Do not file public issues for security problems.
Report vulnerabilities privately to Ofek Ron. If the hosted repository supports private vulnerability reports, use that channel. Otherwise contact the maintainer privately before sharing details in any public issue, discussion, or merge request.
Include:
- affected version or commit;
- reproduction steps;
- impact;
- whether secrets, files, commands, extensions, marketplace artifacts, auth, or WebSocket/REST endpoints are involved.
Better Agent is intended for users who understand that agentic coding tools can perform destructive actions. Users are responsible for where they run it, what projects they open, which extensions they install, which providers they connect, and which tool calls they approve.

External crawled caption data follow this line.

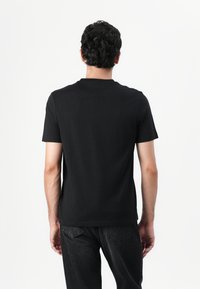 Zwarte katoenen T-shirt met korte mouwen, een ronde halslijn en een soepele textuur. De achterkant toont een korte snit en een eenvoudig ontwerp.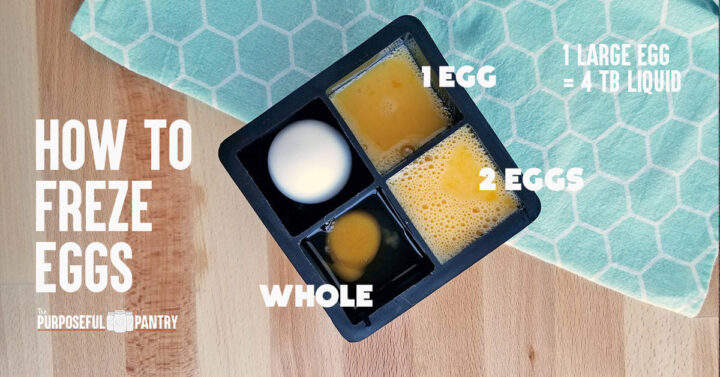 Eggs broken into ice cube compartments for freezing - in different quantities. On a blue cloth and wooden surface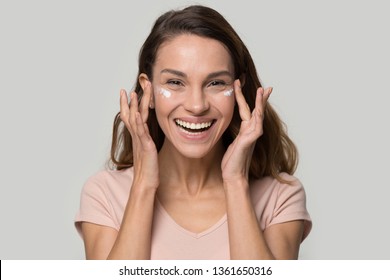 Head shot studio portrait happy attractive woman looking at camera having white shiny smile, gently touch face apply eyelid moisturizing cream anti age wrinkle serum, natural beauty, skin care concept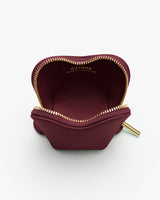 Small open pouch with visible interior and zipper trim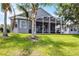 View of the backyard of a home with a screened-in patio and lawn at 3008 Pinnacle Ct, Clermont, FL 34711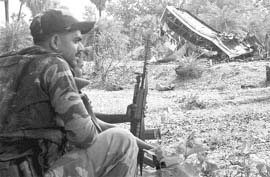 A CRPF jawan guards the remains of the bus blown up by the Naxals near Dantewada in Chhattisgarh on May 17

Run Better Agent only in trusted environments. Do not expose the backend to an untrusted network. Do not install untrusted extensions. Do not paste secrets into prompts or logs.
Security reports are especially important for:
- command execution or subprocess spawning;
- filesystem access or path traversal;
- authentication, session cookies, tokens, or credential storage;
- WebSocket origin/auth checks and REST endpoints;
- extension install, update, provisioning, permissions, or backend routes;
- marketplace artifact signatures, entitlements, and trust roots;
- secret leakage through logs, traces, prompts, session history, or UI state;
- network exposure, worker-node routing, or remote execution.
Changes touching subprocesses, filesystem access, auth, approvals, networking, extensions, marketplace code, or secret handling require security review before release.
Before public visibility, the hosted repository should enable protected default branch rules, required merge requests, CODEOWNERS approval for sensitive paths, passing CI before merge, signed release tags, and private vulnerability reporting.